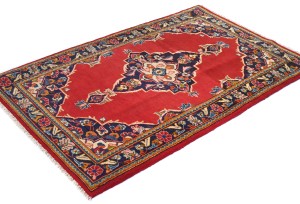 Vintage Red Traditional 2'8X4'3 Kashan Persian Rug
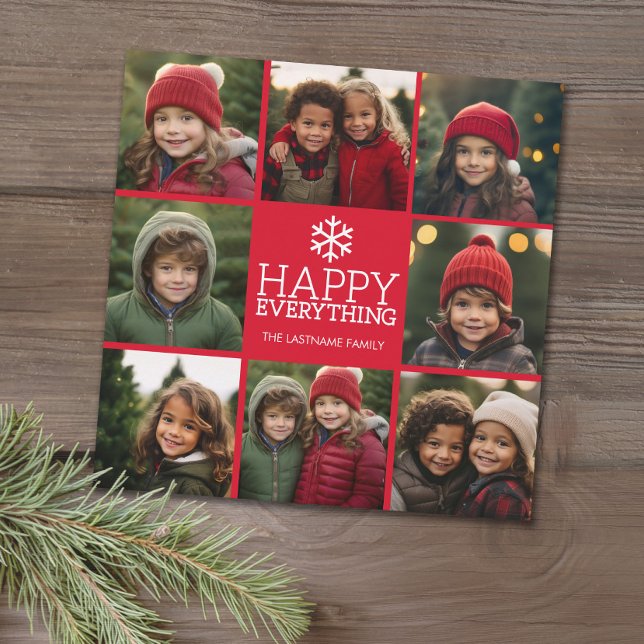 Happy Everything 8 Photo Collage Holiday Card (Modern Christmas Card with a photo collage and modern snowflake.)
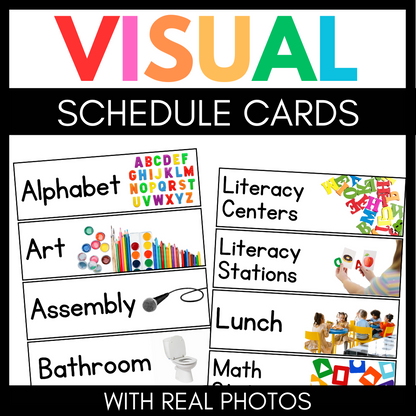 Visual Schedule Cards with Real Photos - Daily Schedule Chart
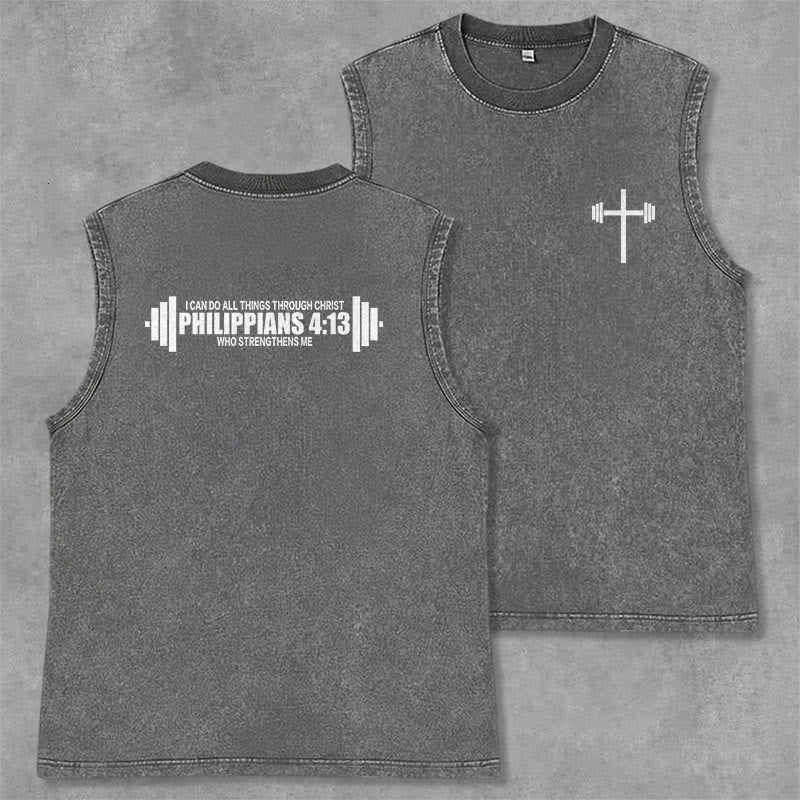 Christianartworkshop Philippians 4:13 Barbell Cross Unisex Washed Tank Top - Grey - 2XL - image 0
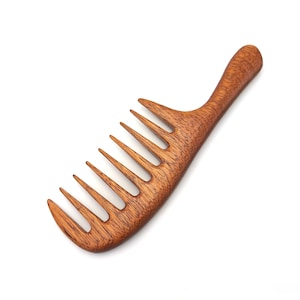 Wide tooth curly hair redwood comb - Wood Comb- Handmade Comb- Healthy Hair- Seamless Wood Comb- Natural Wood- Anti Static Comb - For Her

• • • • •

• What the exercise asks: The records above must be returned exactly, with each picture omitted.

• Solution for this task:
 Vintage Red Traditional 2'8X4'3 Kashan Persian Rug
 Happy Everything 8 Photo Collage Holiday Card (Modern Christmas Card with a photo collage and modern snowflake.)
 Visual Schedule Cards with Real Photos - Daily Schedule Chart
 Christianartworkshop Philippians 4:13 Barbell Cross Unisex Washed Tank Top - Grey - 2XL - image 0
 Wide tooth curly hair redwood comb - Wood Comb- Handmade Comb- Healthy Hair- Seamless Wood Comb- Natural Wood- Anti Static Comb - For Her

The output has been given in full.